An explosive issue is brewing among regulators and privacy lawyers who are coming after healthcare organizations that use website tracking. You may be violating HIPAA and FTC privacy rules right now and not be aware of it.
In April we wrote about the Office for Civil Rights (OCR) view that web trackers present a risk to patient privacy; see HIPAA Enforcement of Website Tracking Breaches. OCR believes that web trackers present a risk to privacy and security, and its Director, Melanie Fontes Rainer, has stated that website tracking in healthcare is a top OCR priority and they’re “looking into organizations across the country.”
The Federal Trade Commission (FTC) is now weighing in, joining with OCR to pursue organizations that permit unauthorized disclosures of personal information with website trackers. The unauthorized disclosure of such information may violate Section 5 of the FTC Act and could constitute a breach of security under the FTC’s Health Breach Notification Rule that applies to organizations not covered by HIPAA.
Note recent FTC enforcement actions against BetterHelp, GoodRx and Premom.
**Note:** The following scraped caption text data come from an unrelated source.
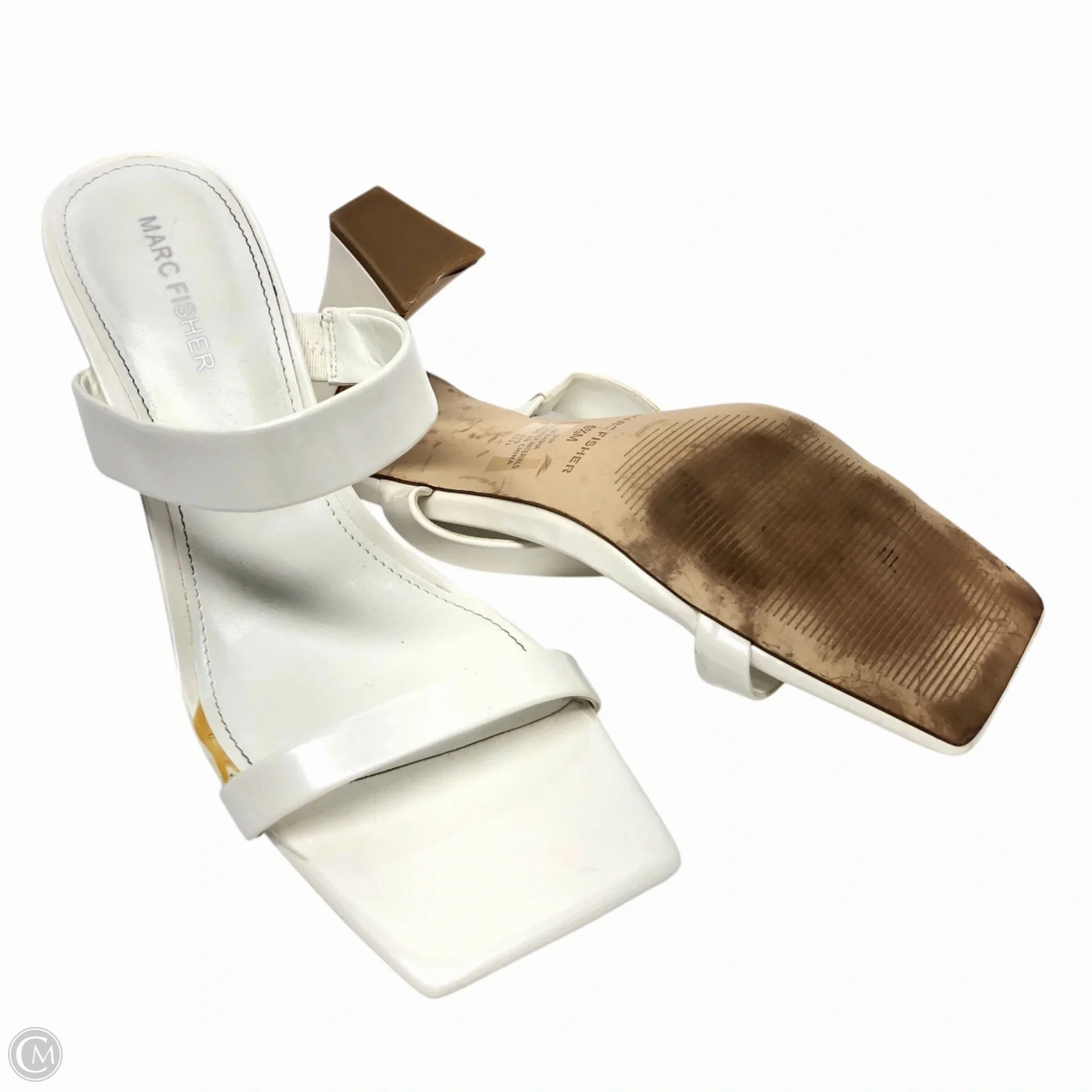 Sandals Heels Block By Marc Fisher In White, Size: 9.5 Fashion Heels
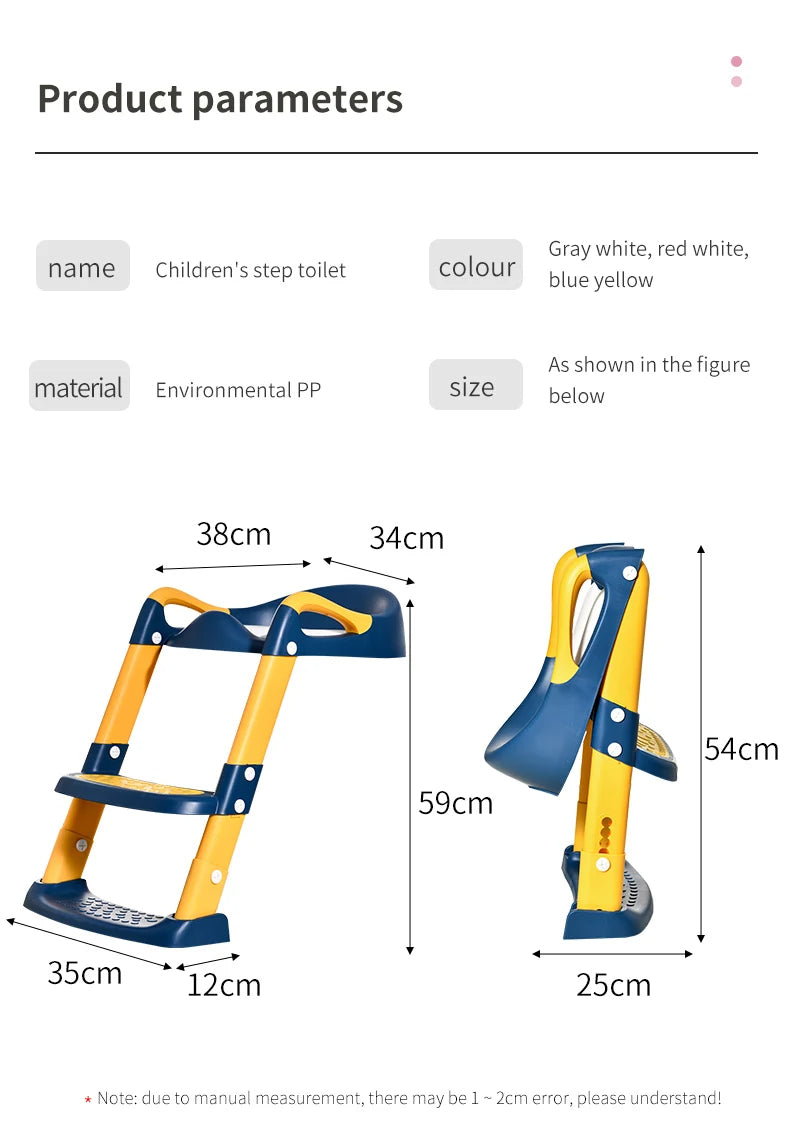 Foldable Multi-functional Baby Toilet Training Ladder Soft Seat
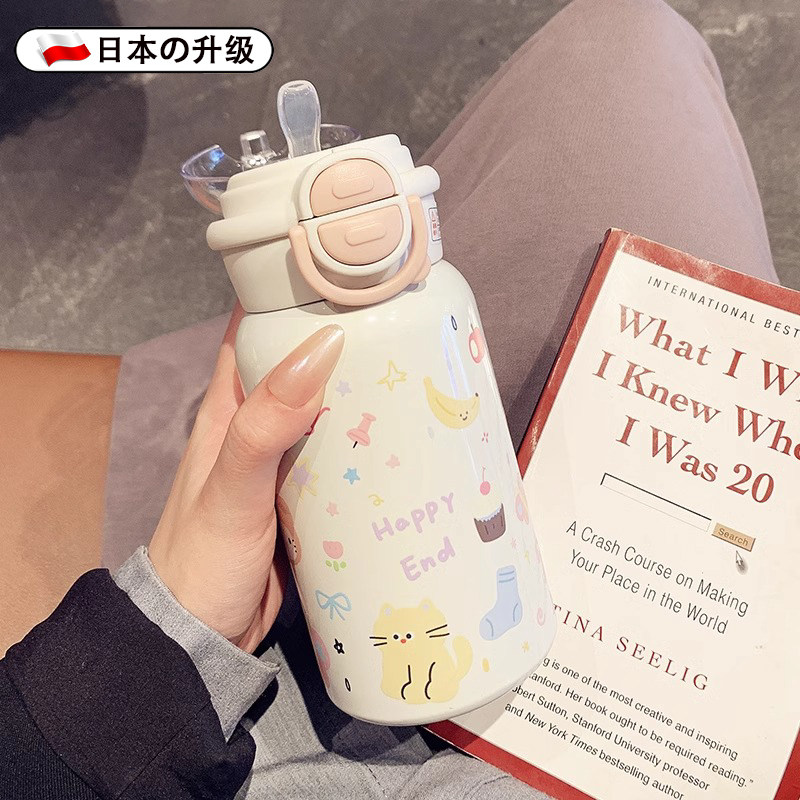 日本新款保温杯女高颜值食品级316儿童水杯上学专用学生可爱杯子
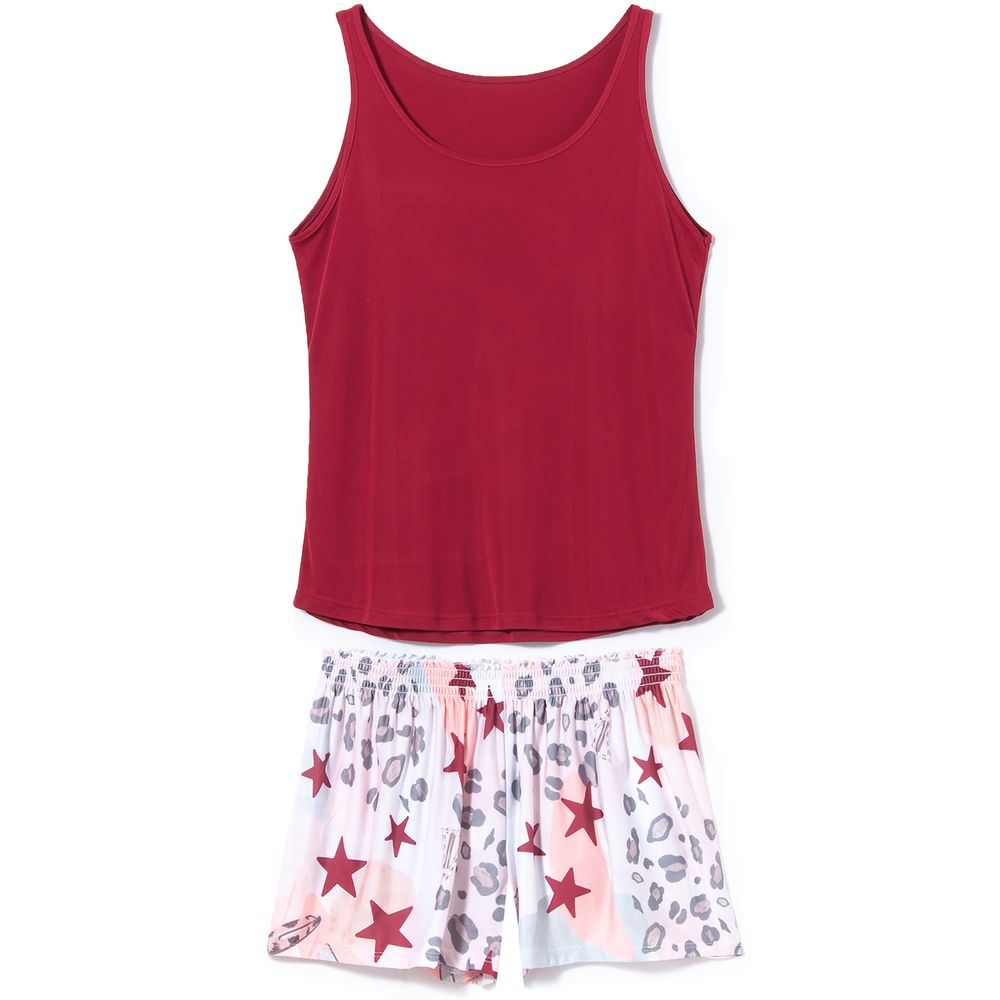 Pijama-Feminino-Regata-Recco-Microfibra-Short-Estrelas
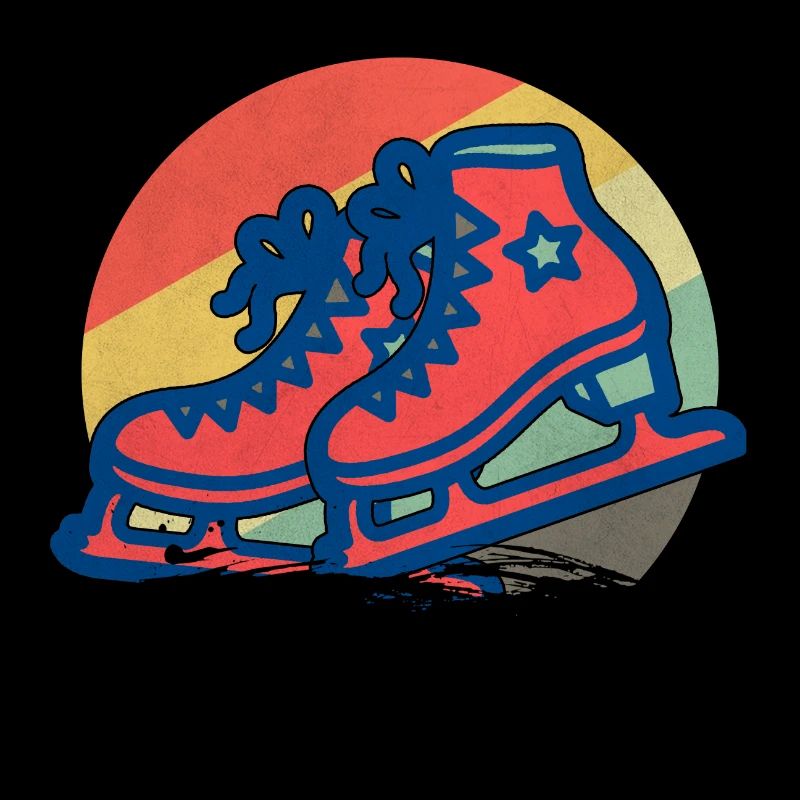 Eislauf Retro Schlittschuh Eiskunstlauf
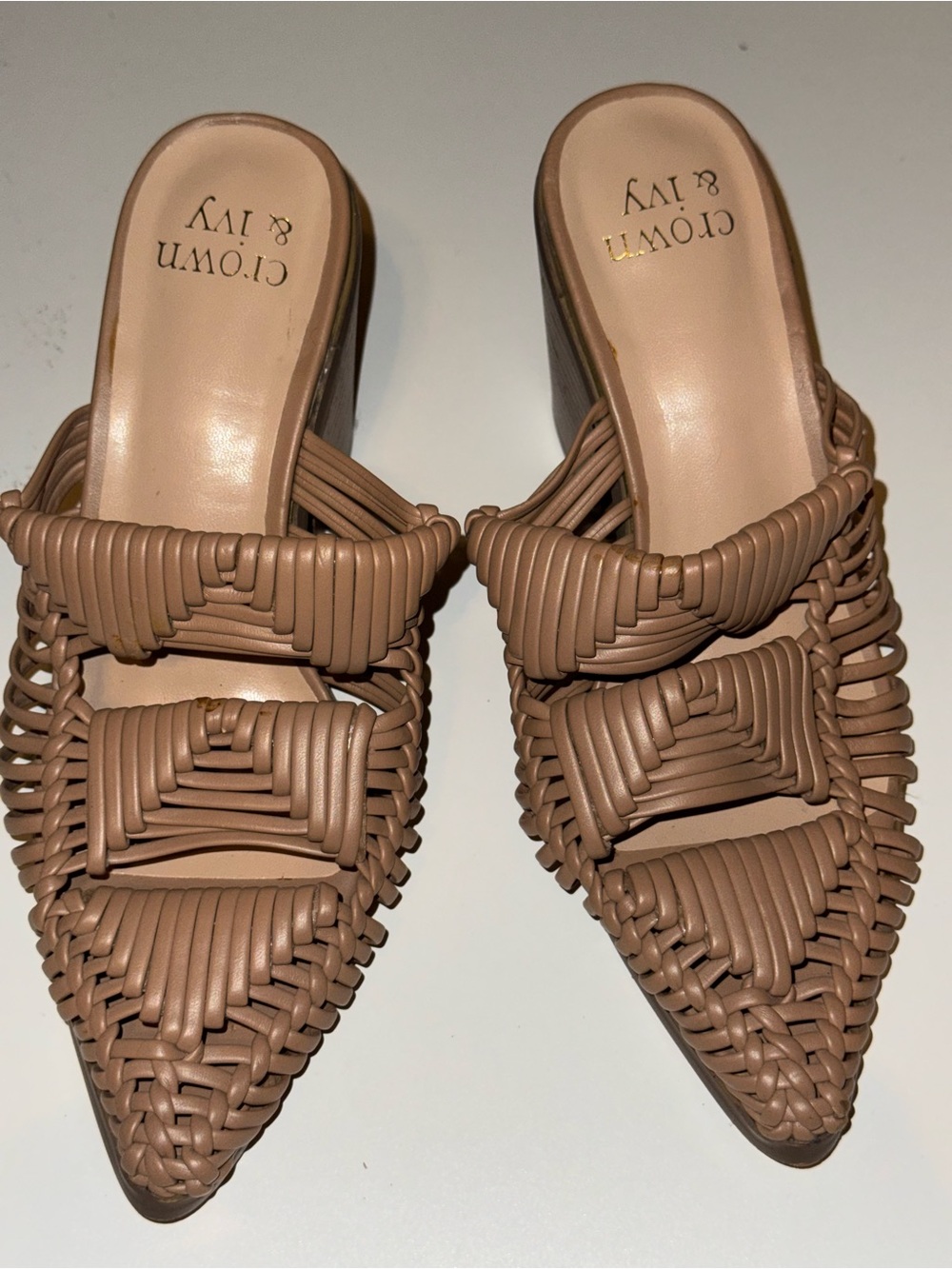 crown & ivy Tan Braided Pointed-Toe Slip-On Mules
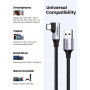 Дата кабель USB 3.0 AM to USB-C 1.0m 60W US385 90° Black Ugreen (20299)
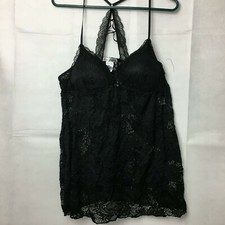 Linea Donatella 2 PC SET Floral Stretch Lace Babydoll Nightgown Black, XL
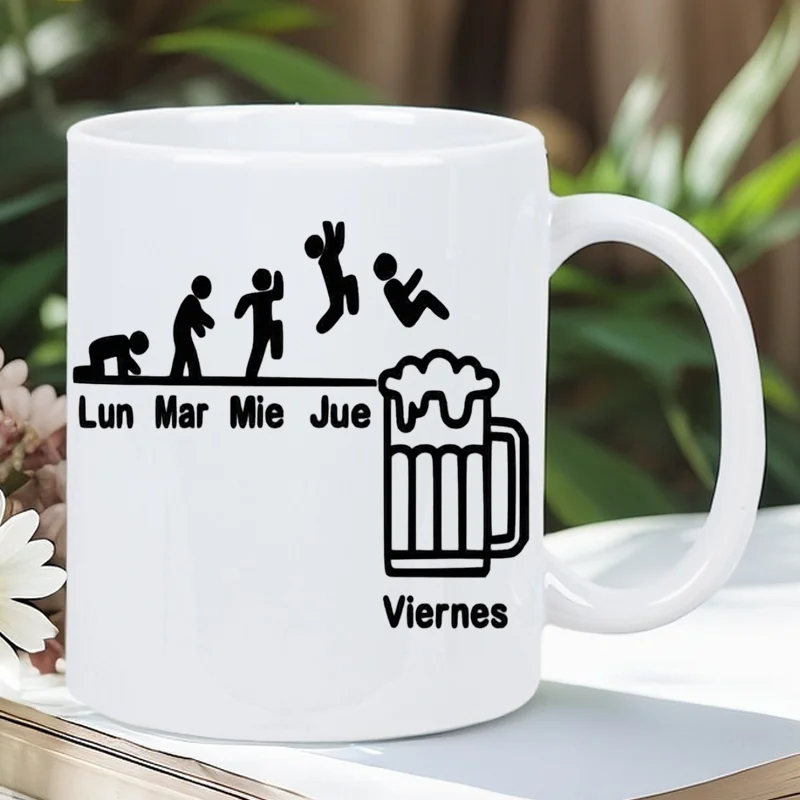 كوب البيرة الأسبوعي - كوب القهوة والبيرة المضحك لعيد الميلاد إلى الجمعة بتصميم تحفيزي، غسيل يدوي فقط، هدية مكتبية رائعة #1
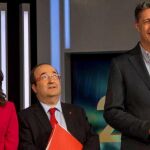 Inés Arrimadas, Miquel Iceta y Xavier García Albiol posan antes del debate electoral de TVE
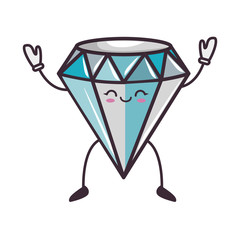 kawaii diamond icon over white background vector illustration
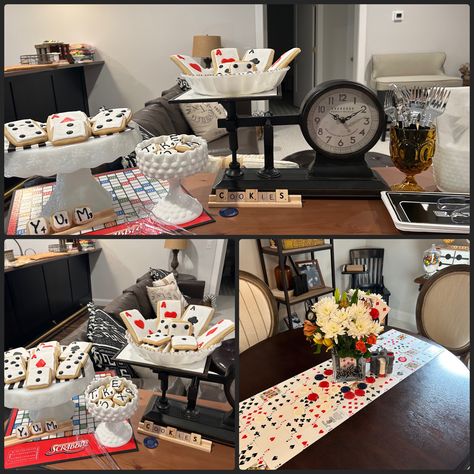 My daughter made and decorated these sugar cookies for our game night with friends. I made the table runner by taping playing playing cards together. Game Night With Friends, Night With Friends, Game Night, The Table, Sugar Cookies, My Daughter, Party Decor, Table Runner, Table Runners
The FTC’s Office of Technology has also published Guidance (FTC Guidance) about website tracking, putting companies on notice that they must monitor the flow of health information to third parties that use tracking technologies integrated into websites and apps.
Web Tracking Lawsuits on the Rise
Private lawsuits are also gaining ground. On August 11, 2023 Advocate Aurora Health agreed to pay a whopping $12.25 million to settle class action claims that the Illinois-based hospital chain invaded patient privacy by using tracking codes on its websites and patient portal. The proposed settlement is awaiting court approval. This is only one example – the first and largest publicly known settlement of a website tracking claim – many more class action lawsuits are in the pipeline.
Healthcare Organizations Double Down to Preserve Web Trackers
Website tracking technology is everywhere on the internet even if you don’t see it. Google and Meta (Facebook/Instagram) embed tracking technology in their services because the analytic information is a source of revenue. People think internet usage is free but user information is sold to third parties, like advertisers and other sellers. A person searches for shoes on the internet and suddenly receive shoe ads across every site. But in healthcare, the user information is protected health information (PHI) under HIPAA and should not be disclosed without authorization.
Remember PHI can be any one of eighteen “individual identifiers” that link to an individual – examples include a name, birth date, email address, phone number, or IP (Internet Protocol) address.
Although federal regulators are raising pressure on healthcare organizations that use web trackers, leading healthcare organizations are pushing back, arguing that OCR’s Online Tracking Guidance (OCR Guidance) is too broad. The argument has flared up over the last few months with public letters between opposing sides.
Federal regulators and the American Hospital Association (AHA) have hardened their positions. On May 22 the AHA wrote a letter to OCR asking them to suspend the OCR Guidance. A key issue for the AHA is that they believe an IP address should not be considered an “individual identifier” within the definition of protected health information under HIPAA. The AHA also suggested that the issue was “more suited to regulation by the Federal Trade Commission — not OCR” and that OCR should work with the FTC.
OCR and FTC Team Up and Respond
On this last point the AHA got its wish. On July 20, the FTC and OCR sent a joint letter to approximately 130 hospital systems and telehealth providers alerting them about the risks and concerns about the use of technologies, such as the Meta/Facebook pixel and Google Analytics, that can track a user’s online activities.
According to the letter, website trackers gather information about users “usually without their knowledge and in ways that are hard for users to avoid, as users interact with a website or mobile app.” The user’s private information is then disclosed to the tech company itself, and to third parties that use it for marketing.
OCR and FTC assert:
“Such disclosures can reveal sensitive information including health conditions, diagnoses, medications, medical treatments, frequency of visits to health care professionals, where an individual seeks medical treatment, and more. In addition, impermissible disclosures of personal health information may result in identity theft, financial loss, discrimination, stigma, mental anguish, or other serious negative consequences to the reputation, health, or physical safety of the individual or to others.”
Follow the HIPAA Security Rule
The website tracking debate is another example of how the law and policy makers are racing to catch up with the explosive growth of tech. If you are an organization that handles personal health information, you should closely examine your website, email service provider, patient portal, telehealth provider, etc. and find out whether website trackers are present.
You need to do this to comply with federal law, whether HIPAA or FTC rules, but also to prepare for and defend against potential lawsuits. Strengthening privacy and security protections around patients and customers is also a good business practice to earn and maintain trust.
Although website trackers are everywhere, you are not helpless. You can change your settings and adapt the tools you use. Both Google Analytics and Meta allow you to opt out of their website tracking features. If you handle PHI or other personal information, whether you’re covered by HIPAA or not, you should consider opting out to avoid costly investigations or lawsuits.